─── Task material

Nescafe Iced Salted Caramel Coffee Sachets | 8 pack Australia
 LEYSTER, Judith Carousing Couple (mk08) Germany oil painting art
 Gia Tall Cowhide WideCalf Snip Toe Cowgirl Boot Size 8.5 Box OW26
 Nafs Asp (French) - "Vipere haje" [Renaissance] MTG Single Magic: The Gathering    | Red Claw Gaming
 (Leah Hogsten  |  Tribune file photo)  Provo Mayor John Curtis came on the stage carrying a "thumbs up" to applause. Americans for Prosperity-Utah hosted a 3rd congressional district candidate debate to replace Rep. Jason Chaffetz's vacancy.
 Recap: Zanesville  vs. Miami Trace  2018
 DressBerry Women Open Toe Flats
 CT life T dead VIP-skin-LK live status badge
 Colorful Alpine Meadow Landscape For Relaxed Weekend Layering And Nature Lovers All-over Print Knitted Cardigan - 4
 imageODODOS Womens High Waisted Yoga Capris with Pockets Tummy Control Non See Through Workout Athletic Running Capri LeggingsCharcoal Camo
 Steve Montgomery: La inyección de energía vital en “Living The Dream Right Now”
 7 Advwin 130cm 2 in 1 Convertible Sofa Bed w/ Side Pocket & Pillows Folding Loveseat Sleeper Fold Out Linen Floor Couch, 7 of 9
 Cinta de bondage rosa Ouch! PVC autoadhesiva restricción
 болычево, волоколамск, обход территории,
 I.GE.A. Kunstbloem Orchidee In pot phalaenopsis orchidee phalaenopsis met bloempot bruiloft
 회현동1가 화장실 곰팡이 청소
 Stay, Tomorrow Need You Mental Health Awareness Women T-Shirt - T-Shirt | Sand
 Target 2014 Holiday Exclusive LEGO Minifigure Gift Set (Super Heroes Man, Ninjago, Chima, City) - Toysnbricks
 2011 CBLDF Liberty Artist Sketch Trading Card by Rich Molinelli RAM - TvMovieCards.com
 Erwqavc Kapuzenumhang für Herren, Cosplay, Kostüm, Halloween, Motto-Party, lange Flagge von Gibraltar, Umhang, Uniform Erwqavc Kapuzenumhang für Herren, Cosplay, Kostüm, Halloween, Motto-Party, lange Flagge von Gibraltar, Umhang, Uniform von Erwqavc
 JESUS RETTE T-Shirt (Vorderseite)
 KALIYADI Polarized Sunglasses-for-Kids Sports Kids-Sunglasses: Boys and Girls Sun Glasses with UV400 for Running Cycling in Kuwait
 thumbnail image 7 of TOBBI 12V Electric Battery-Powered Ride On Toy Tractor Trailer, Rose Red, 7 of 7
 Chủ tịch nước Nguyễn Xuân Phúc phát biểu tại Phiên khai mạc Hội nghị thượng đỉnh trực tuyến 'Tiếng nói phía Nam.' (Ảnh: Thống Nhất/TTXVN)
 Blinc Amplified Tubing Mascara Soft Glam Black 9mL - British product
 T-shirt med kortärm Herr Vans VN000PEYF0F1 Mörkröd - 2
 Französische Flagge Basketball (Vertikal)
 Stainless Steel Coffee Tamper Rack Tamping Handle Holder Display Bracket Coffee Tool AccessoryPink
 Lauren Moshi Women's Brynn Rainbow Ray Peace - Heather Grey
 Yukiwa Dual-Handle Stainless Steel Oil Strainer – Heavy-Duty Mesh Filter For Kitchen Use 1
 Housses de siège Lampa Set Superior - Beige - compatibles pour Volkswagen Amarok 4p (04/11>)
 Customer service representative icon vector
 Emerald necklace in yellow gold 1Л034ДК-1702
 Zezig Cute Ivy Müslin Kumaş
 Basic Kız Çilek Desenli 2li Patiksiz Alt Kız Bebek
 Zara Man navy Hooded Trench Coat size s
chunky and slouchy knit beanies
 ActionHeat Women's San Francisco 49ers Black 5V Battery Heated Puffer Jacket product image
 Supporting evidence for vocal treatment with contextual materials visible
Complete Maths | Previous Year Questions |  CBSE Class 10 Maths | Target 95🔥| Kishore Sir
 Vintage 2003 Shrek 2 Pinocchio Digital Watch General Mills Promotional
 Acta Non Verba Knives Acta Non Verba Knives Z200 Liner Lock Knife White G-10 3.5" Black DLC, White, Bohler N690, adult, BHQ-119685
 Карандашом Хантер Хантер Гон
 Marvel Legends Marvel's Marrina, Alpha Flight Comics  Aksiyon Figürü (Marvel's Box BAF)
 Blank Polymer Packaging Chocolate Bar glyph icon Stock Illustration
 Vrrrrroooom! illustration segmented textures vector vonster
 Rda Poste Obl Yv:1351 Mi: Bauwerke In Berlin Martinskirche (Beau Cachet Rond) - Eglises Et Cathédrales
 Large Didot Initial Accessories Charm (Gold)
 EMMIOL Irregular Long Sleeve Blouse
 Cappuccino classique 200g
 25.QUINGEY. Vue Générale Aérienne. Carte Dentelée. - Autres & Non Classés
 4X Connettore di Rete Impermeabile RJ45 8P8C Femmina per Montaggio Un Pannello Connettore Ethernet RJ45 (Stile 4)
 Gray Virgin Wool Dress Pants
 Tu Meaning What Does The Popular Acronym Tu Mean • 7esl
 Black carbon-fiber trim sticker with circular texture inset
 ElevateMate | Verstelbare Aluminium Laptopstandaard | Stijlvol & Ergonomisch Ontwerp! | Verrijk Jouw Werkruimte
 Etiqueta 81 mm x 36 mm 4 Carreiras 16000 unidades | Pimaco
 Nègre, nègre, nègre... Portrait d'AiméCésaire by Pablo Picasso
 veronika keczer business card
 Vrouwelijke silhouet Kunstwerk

──────

* **What you will do**
Retype exactly the lines of the data above that fall between the line with "Jason Chaffetz's vacancy." and the line with "Colorful Alpine Meadow", inclusive, and add nothing.

* **Response**
 (Leah Hogsten  |  Tribune file photo)  Provo Mayor John Curtis came on the stage carrying a "thumbs up" to applause. Americans for Prosperity-Utah hosted a 3rd congressional district candidate debate to replace Rep. Jason Chaffetz's vacancy.
 Recap: Zanesville  vs. Miami Trace  2018
 DressBerry Women Open Toe Flats
 CT life T dead VIP-skin-LK live status badge
 Colorful Alpine Meadow Landscape For Relaxed Weekend Layering And Nature Lovers All-over Print Knitted Cardigan - 4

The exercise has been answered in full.